Tuesday, August 11, 2020

 

The Scream of Nature

It happened gradually. He had sensed it was happening. The images were shifting. In the beginning it was a slight shift like some aberration, probably he wasn’t looking carefully or his eyes have weakened, later it gave impression as though he was watching the world through some dense partition. There was a distinct refraction he felt as if the images were at an angle, the reality was being wrenched out of place. The more he became aware of it the more it started to trouble him. Then came the images of disasters, the fire, the flood, the cyclones, the increasing regularity and intensity. He knew the shift was real. He could feel his heartbeat rise before he calmed himself down. He distracted himself in his daily chores. The world went on in its deceptive phase. There was sunrise, the morning, noon and sunset, the night. On bright sunny days he could see vultures circling in thermals at great height. They looked like darts controlled by some unseen forces pendulating in a set pace. His eyes throbbed and eyelids fluttered rapidly, images of vast fields of dead rotting vultures filled his sight. They hang their neck deliriously and roll down dead. The darts became large as it drop onto earth with dull thuds. It was raining dead vultures. Exhausted he leaned on to the railings of the bridge. The warm sturdy metal assured him. It dispelled his fear. He clutched it. The bridge was real and held in place by simple mechanisms that could be trusted. It held its truth. On gravity. He felt it. He knew nothing was real. There was no wrong or right. He didn’t know what to trust and what not to. There was no anchor to nurture his thoughts. He must therefore focus on the immediate. The distant was absurd or else it would kill him. There was no reason, no purpose. He need to conceive a reason, device a purpose, to keep the absurd away. Though there wasn’t anything to understand he need to understand. Understand the absurdness of his reality. He must assume himself to be happy. That is the only way he could survive.

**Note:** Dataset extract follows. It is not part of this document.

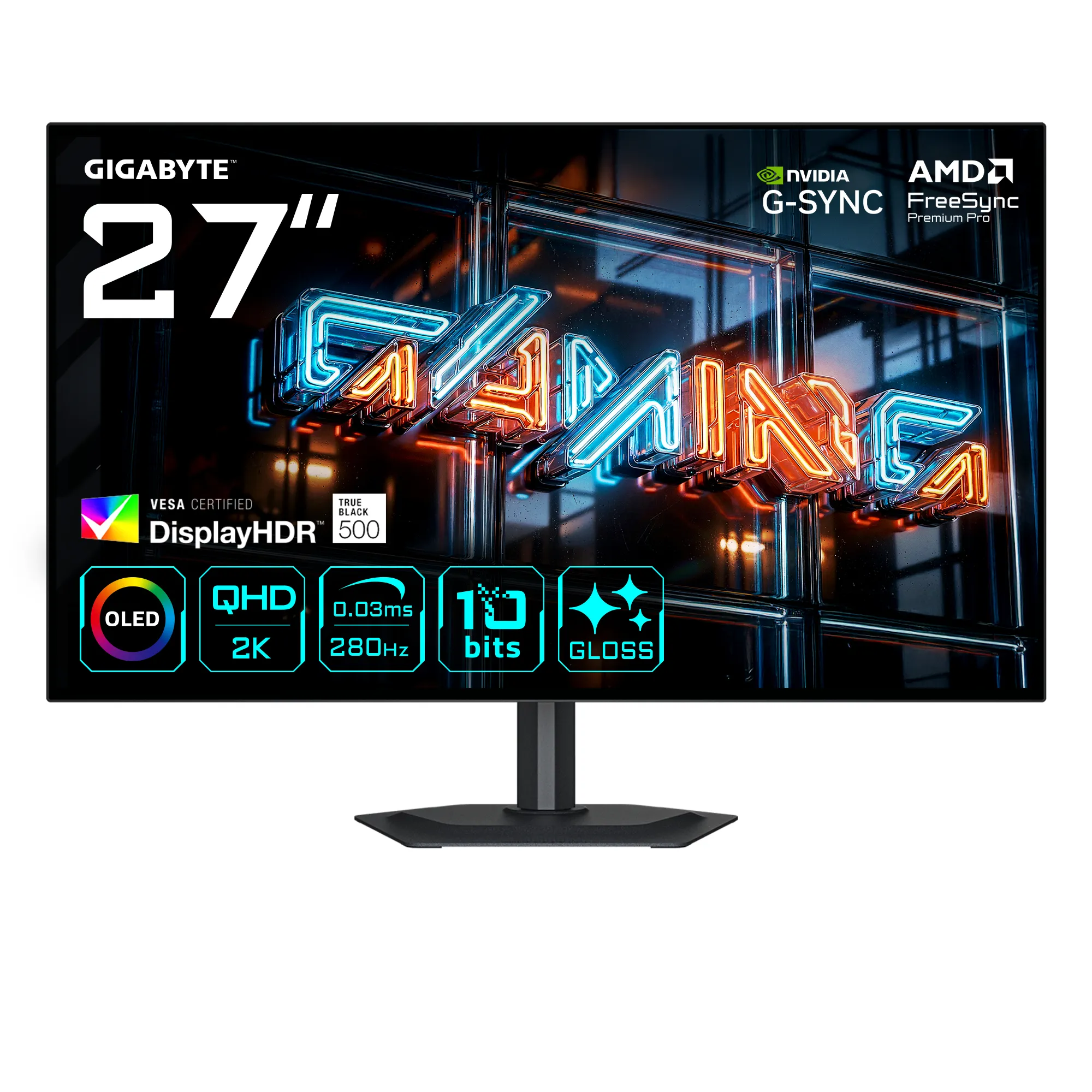 Gigabyte MO27Q28GR 27" QHD, WOLED, 280Hz, USB-C hub -pelin&auml;ytt&ouml;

There is a giraffe ambling in the savanna, careless to her fate she seeks the acacia leaves. Her striking eyelashes in wonder of beautiful life. They shoot her for fun. She falls in pain and in muted screams beats her long legs in air. They smile and desecrate her body while they take pictures to share with friends and family, and stuff her as trophy to be shipped in faraway drawing room to be lit in luxury and comfort. He hears the giraffe’s scream. He feels the pain. He cannot assume to be happy. He can no longer pretend. He hears the bleeding sky. He hears the horrors of exploding bombs. He hears the utter anguish of human existence. He hears the restless river. He hears the falling trees. He hears the machine dredge the deep forest. He trembles. He hears the visceral scream passing through the nature. They swirl in tremendous energy towards him. He hears the scream of kuala trapped in the eucalyptus tree as the forest fire engulf. The tongue of the flame leaping ferociously to singe his skin. The screams of fishes as the acid ocean wrangle the life out of corals. The bleached corals sway in terrifying desolation. The screams of shocked deer swept away in surging flood. The screams of hapless cormorant covered in oil slick. The screams of polar bear marooned on melting ice. Her life dangling in the precipice of no return. He is reduced to bones. He knew he wouldn’t survive. He reconcile to death. But there is something terrible that awaits him before death. Something he must face. More and more screams arise from all corners and suffuse into primal horror. These bloodcurdling shrieks consolidates to disintegrate his humanity and obliterates his soul. His brain burst, he bleeds through the eyes, ears and mouth, and is reduced to skeletal androgyny floating in timeless agony. He feels that he is falling into the abyss of untold misery.  He seeps and is distorted, appropriated by the great force of destruction. He must atone the sins of humanity. He has a longing to disappear and become one with the world. There are no gods, no words, no ideas, no facts, no nothing, just this deep emptiness that needs to be filled. Like in the color book. The green. The red. The blue. The humpback whale take in all to spout immaculate rainbow.    


(This is a short fiction alright but has deeper insights of Munch’s painting, Nietzsche, Camus…but finally it has to be Spinoza!)